The real-space clustering of luminous red galaxies around z<0.6 quasars in the Sloan Digital Sky Survey

TL;DR

This study measures the clustering of luminous red galaxies around low-redshift quasars using SDSS data, revealing insights into quasar host halo properties and their spatial distribution.

Contribution

It introduces a new statistical estimator for precise clustering measurements and combines cross and auto-correlation analyses to infer quasar halo occupation and bias.

Findings

Quasar-LRG cross correlation follows a power law with slope 1.8 and r_0=6 Mpc/h.

No excess clustering detected on 0.1 Mpc scales, aligning with previous studies.

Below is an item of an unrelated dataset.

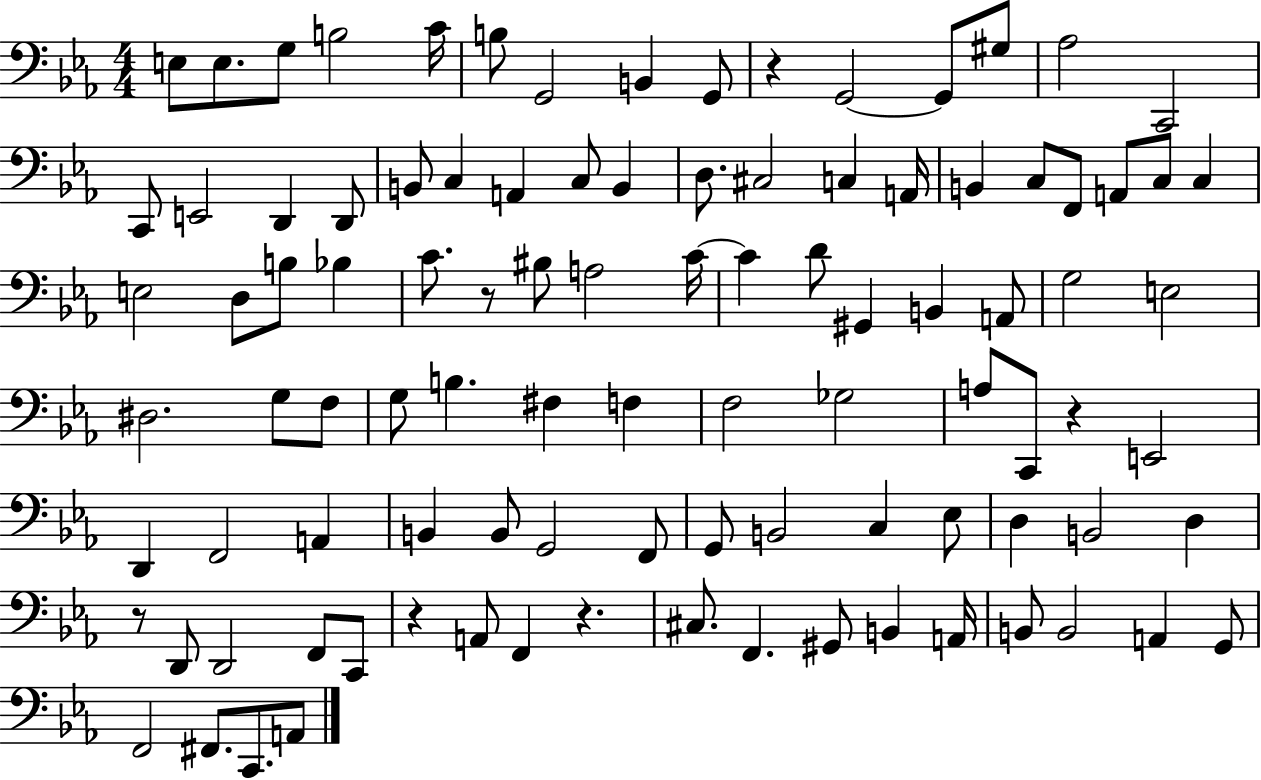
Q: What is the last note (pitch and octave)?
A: A2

Quasar bias is approximately 1.09, indicating typical halo masses around 10^{12} M_sun.

Abstract

We measure the clustering of a sample of photometrically selected luminous red galaxies around a low redshift (0.2<z<0.6) sample of quasars selected from the Sloan Digital Sky Survey Data Release 5. We make use of a new statistical estimator to obtain precise measurements of the LRG auto-correlations and constrain halo occupation distributions for them. These are used to generate mock catalogs which aid in interpreting our quasar-LRG cross correlation measurements. The cross correlation is well described by a power law with slope 1.8\pm0.1 and r_0=6\pm0.5 h^{-1} Mpc, consistent with observed galaxy correlation functions. We find no evidence for `excess' clustering on 0.1 Mpc scales and demonstrate that this is consistent with the results of Serber et al (2006) and Strand et al (2007), when one accounts for several subtleties in the interpretation of their measurements. Combining the quasar-LRG cross correlation with the LRG auto-correlations, we determine a large-scale quasar bias b_QSO = 1.09\pm0.15 at a median redshift of 0.43, with no observed redshift or luminosity evolution. This corresponds to a mean halo mass <M>~ 10^{12} h^{-1} M_sun, Eddington ratios from 0.01 to 1 and lifetimes less than 10^{7} yr. Using simple models of halo occupation, these correspond to a number density of quasar hosts greater than 10^{-3} h^{3} Mpc^{-3} and stellar masses less than 10^{11} h^{-1} M_sun. The small-scale clustering signal can be interpreted with the aid of our mock LRG catalogs, and depends on the manner in which quasars inhabit halos. We find that our small scale measurements are inconsistent with quasar positions being randomly subsampled from halo centers above a mass threshold, requiring a satellite fraction > 25 per cent.